WHAT THE EXERCISE ASKS = From the line holding "BROTECT AirGlass Matte" through the line holding "Snorkmaiden Idea Winter Beanie Adult - White" below, write out every line exactly; include both of those lines and drop the pictures.
*** Opening INFORMATION GIVEN ***
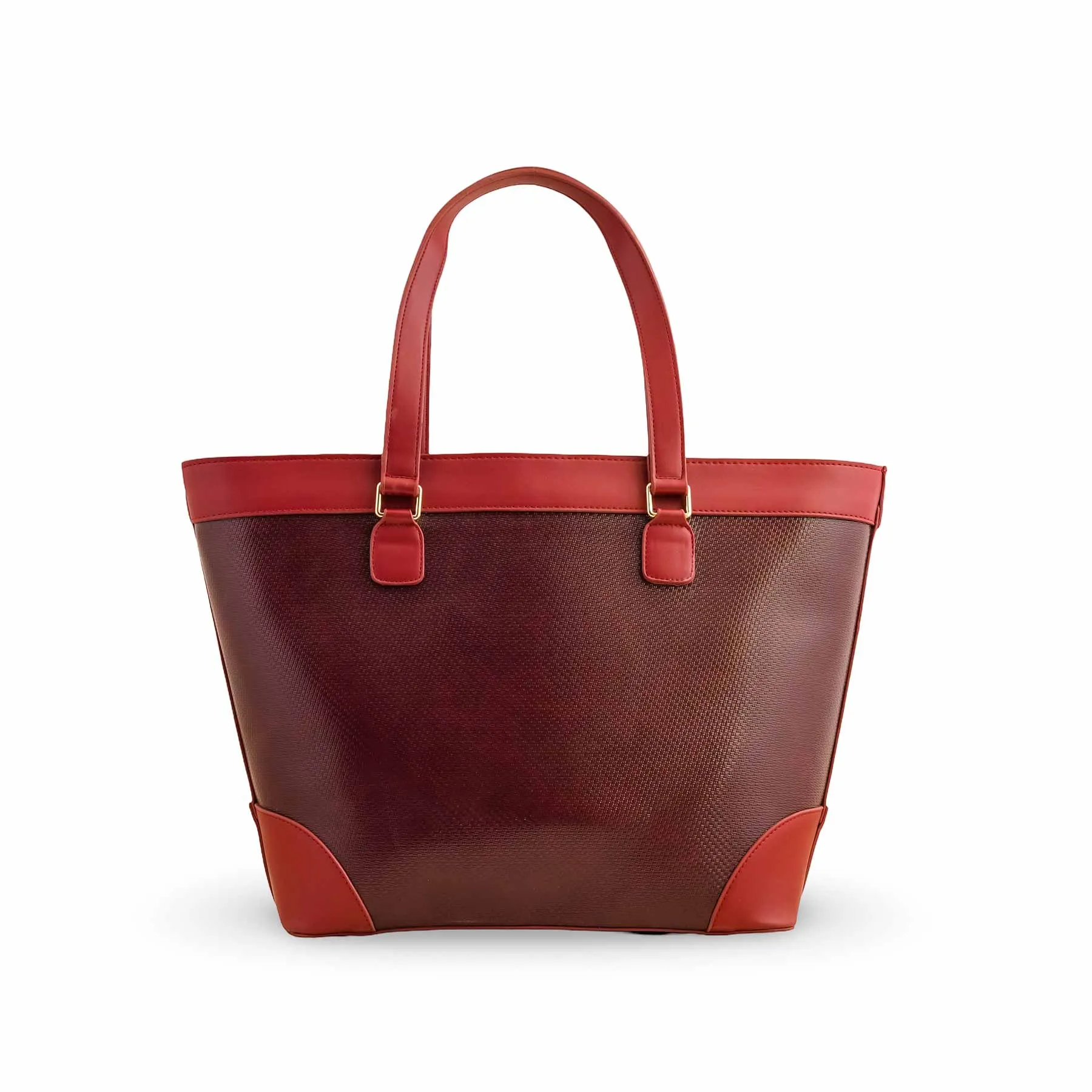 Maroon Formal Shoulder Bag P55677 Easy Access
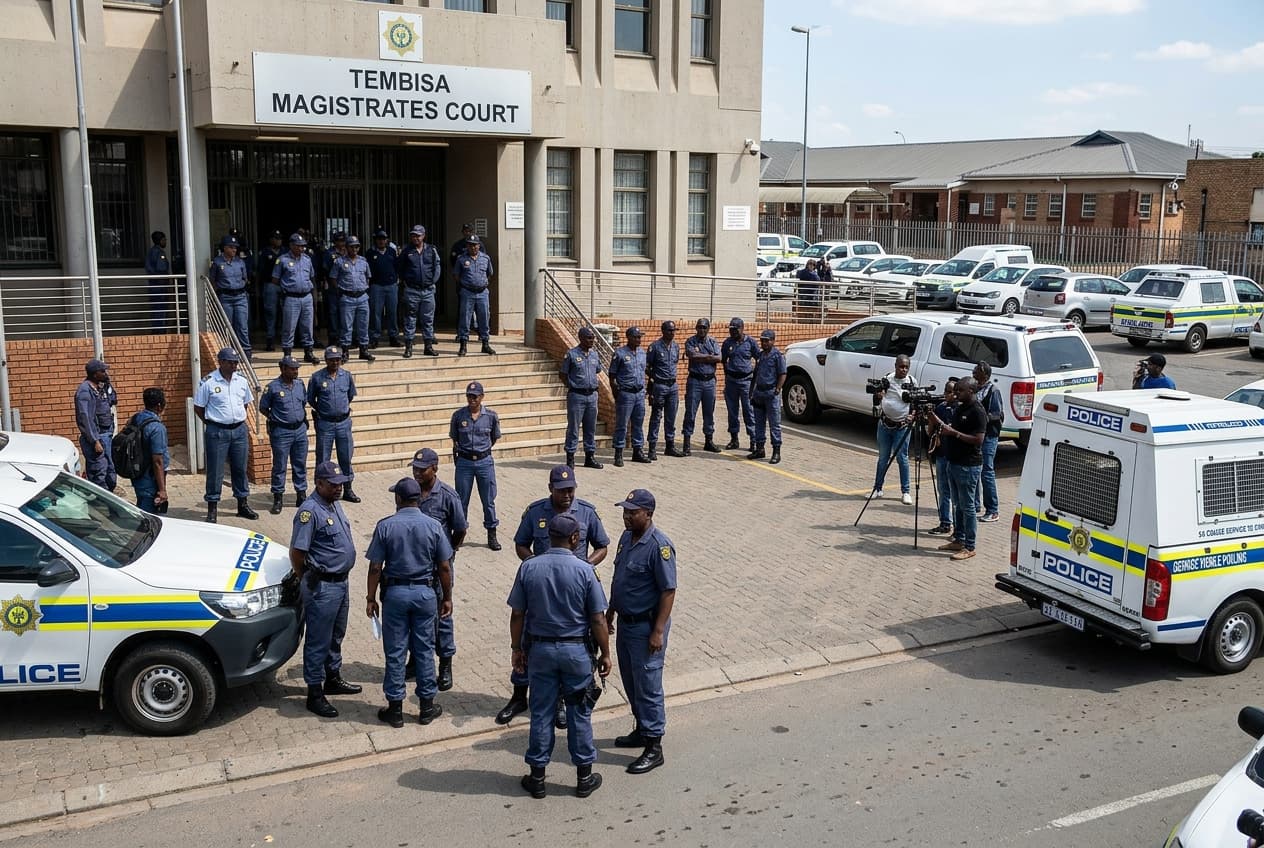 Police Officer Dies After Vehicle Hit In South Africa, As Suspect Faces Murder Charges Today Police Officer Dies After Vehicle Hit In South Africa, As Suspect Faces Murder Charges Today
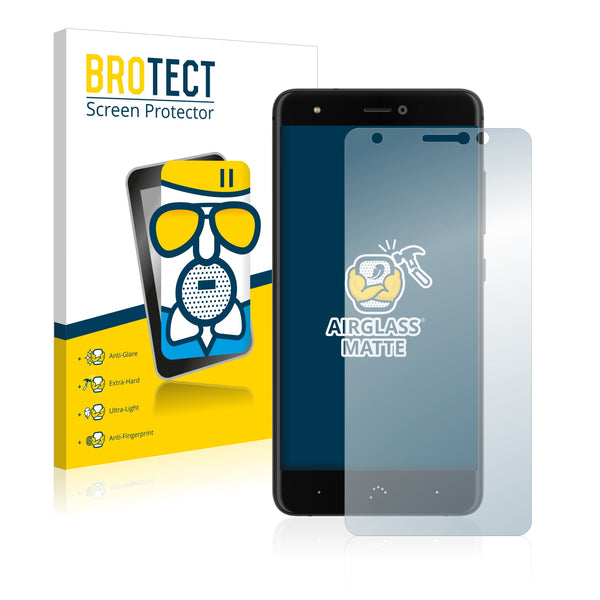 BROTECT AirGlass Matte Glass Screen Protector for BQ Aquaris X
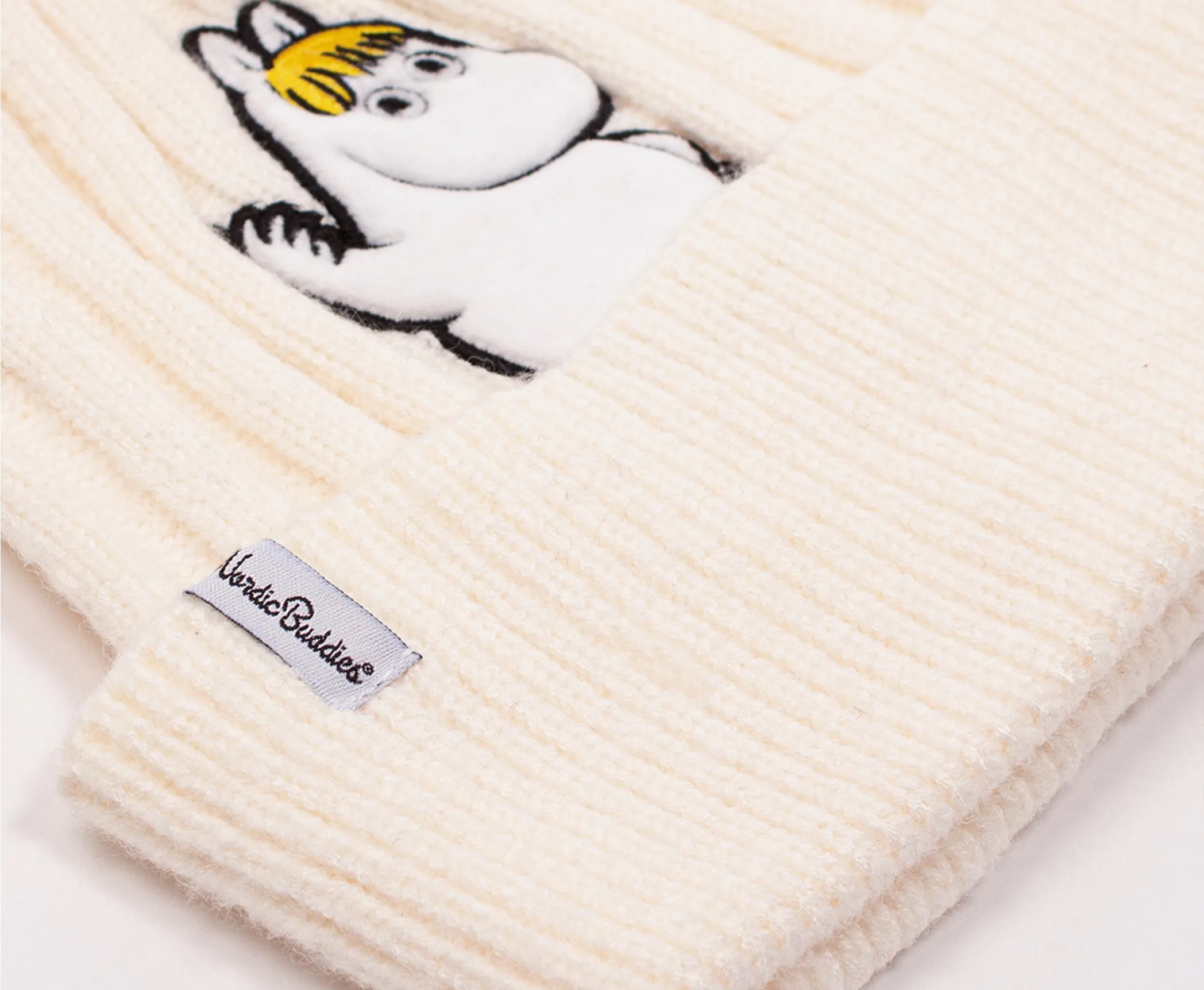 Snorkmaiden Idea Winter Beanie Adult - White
*** Closing INFORMATION GIVEN ***
*** Opening INFORMATION GIVEN ***
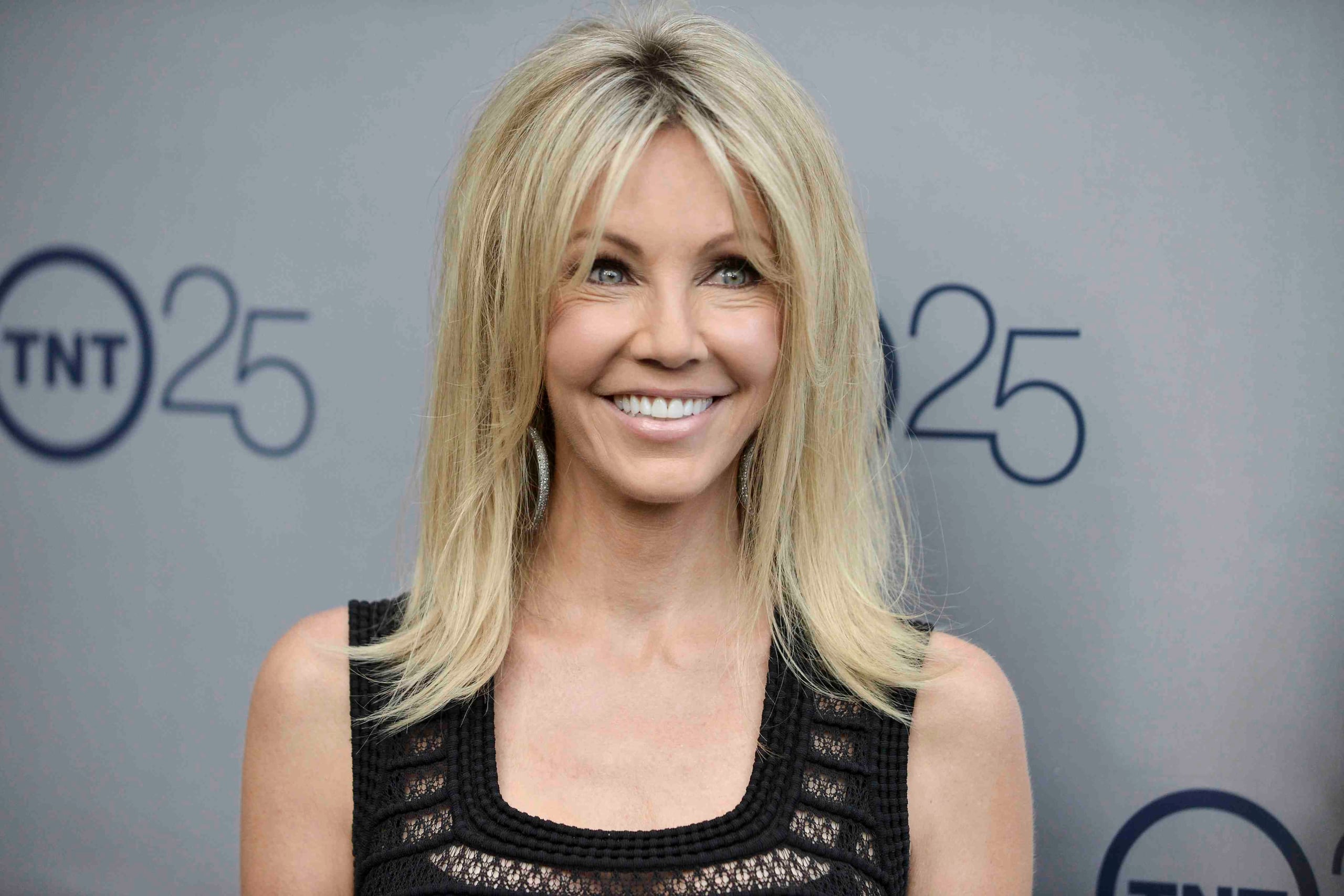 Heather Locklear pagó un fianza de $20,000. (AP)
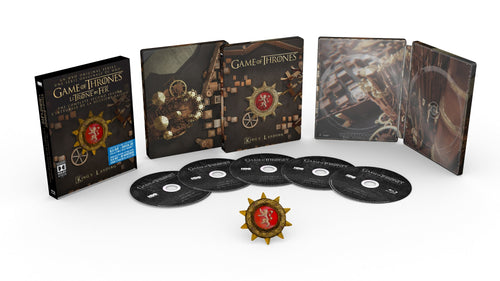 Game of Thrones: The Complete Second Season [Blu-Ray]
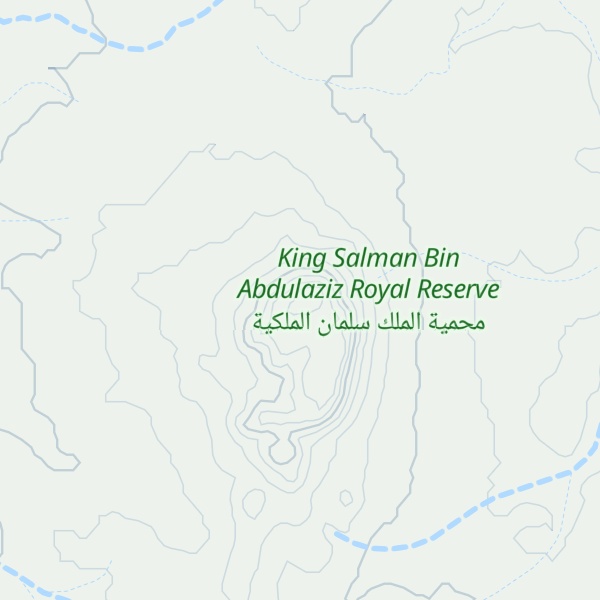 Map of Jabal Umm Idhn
*** Closing INFORMATION GIVEN ***
EXERCISE SOLUTION =
 BROTECT AirGlass Matte Glass Screen Protector for BQ Aquaris X
 Snorkmaiden Idea Winter Beanie Adult - White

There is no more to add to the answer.